ReadWriteWeb

The Real Time Google Index: Will It Be a Game Changer? (Open Thread)

Written by Marshall Kirkpatrick / March 5, 2010 10:49 AM / 21 Comments

Google is developing a system to ingest real-time content updates from any page on the web automatically, using the open PubSubHubbub Atom protocol, we reported on Wednesday.

Google already indexes a whole lot of content very quickly, will a real-time indexing system make a big difference? There are differences of opinion on the matter and we'd like to know what you think. Search analyst Danny Sullivan told us on Wednesday that he thought it could be "the next chapter" for Google. John Battelle said this morning: "In short, it's a new way for Google to get (more) real time signals. But honestly, not a huge deal. I don't think. Correct me if I'm wrong..." What do you think, readers?


We explained the specifics of how the Hubbub system might work in our earlier coverage so let's talk now about possible impacts (or lack thereof).

As we wrote on Wednesday:

PuSH is much more computationally efficient for Google but [Google's Brett] Slatkin says that even more important is the impact of such a move for small publishers. Right now many small sites get visited by Google maybe once a week. With a PuSH system in place, they would be able to get their content to Google automatically right away.

A richer, faster, more efficient internet would be good for everyone, but the benefits in search wouldn't be limited to Google, either. The PubSubHubbub is an open protocol and the feeds would be as visible to Yahoo and Bing as they would be to Google.

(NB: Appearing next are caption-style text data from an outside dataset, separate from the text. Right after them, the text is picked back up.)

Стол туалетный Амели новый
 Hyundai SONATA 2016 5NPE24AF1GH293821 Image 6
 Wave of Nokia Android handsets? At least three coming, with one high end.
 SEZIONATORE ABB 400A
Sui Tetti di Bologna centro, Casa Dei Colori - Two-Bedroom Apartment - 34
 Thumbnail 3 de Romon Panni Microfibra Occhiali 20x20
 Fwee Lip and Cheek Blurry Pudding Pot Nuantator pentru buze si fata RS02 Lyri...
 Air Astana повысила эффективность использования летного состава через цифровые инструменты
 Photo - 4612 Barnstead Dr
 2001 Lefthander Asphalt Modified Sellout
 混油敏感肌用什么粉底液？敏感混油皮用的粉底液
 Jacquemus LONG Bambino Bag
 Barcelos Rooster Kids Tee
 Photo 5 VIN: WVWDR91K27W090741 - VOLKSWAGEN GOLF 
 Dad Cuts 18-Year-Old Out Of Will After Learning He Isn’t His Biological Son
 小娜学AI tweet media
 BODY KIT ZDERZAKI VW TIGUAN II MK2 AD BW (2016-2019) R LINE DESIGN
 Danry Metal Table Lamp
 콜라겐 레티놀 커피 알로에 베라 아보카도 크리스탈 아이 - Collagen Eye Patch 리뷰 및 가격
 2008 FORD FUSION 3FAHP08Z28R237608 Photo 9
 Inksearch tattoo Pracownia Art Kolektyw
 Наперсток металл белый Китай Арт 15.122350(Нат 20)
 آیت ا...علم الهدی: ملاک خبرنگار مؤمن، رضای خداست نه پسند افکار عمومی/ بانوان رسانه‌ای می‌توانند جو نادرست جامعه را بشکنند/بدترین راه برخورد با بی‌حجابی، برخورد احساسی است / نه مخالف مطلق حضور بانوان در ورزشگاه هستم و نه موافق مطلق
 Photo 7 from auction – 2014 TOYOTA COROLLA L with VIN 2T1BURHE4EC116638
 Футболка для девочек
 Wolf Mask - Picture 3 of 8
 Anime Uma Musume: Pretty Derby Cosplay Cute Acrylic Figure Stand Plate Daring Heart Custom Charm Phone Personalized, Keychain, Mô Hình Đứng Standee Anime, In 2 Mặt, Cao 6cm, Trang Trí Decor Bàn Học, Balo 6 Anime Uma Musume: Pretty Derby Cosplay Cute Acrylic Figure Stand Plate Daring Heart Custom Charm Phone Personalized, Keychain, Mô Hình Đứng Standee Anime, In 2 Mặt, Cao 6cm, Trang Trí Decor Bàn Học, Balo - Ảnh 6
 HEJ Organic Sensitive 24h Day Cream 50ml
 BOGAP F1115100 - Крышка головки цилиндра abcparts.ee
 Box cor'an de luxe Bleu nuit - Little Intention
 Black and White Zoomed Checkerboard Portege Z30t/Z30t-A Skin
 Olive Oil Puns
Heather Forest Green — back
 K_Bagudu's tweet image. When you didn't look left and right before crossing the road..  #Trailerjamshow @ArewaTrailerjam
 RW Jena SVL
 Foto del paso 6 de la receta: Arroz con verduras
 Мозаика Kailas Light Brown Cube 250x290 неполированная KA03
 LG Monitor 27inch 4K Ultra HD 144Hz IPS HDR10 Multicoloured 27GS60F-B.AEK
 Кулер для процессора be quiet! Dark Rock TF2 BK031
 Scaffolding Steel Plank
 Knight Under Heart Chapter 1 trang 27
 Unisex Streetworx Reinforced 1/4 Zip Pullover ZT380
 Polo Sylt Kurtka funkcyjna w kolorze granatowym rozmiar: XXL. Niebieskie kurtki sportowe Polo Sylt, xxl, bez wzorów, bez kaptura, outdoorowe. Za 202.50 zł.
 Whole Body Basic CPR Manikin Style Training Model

Readers Who Think This is Big

Sharon Kavanagh says:

This all sounds fantastic for the small guy as I have just created my first ever website which is for a reunion. The site will only be live for a short period as the date is May15th 2010 for the event and yet, it will probably take Google till then before my site is indexed and hence the peple I am trying to reach will never find it.

Scott Holodak says:

Previously you had to wait for spiders to crawl around the web to find changes on your site. Pages are crawled over again and again just to see if anything has changed. It's a pretty inefficient process. Now the spiders are going to be fat and lazy because you are going to deliver your changes directly to them.


No Big Deal

Reader comments arguing this is not a big deal.

"Scott" says:

A properly designed website already "pushes" to (more accurately: gets "pulled" by) search engines and the frequency of indexing by search engines is determined by the popularity of the website.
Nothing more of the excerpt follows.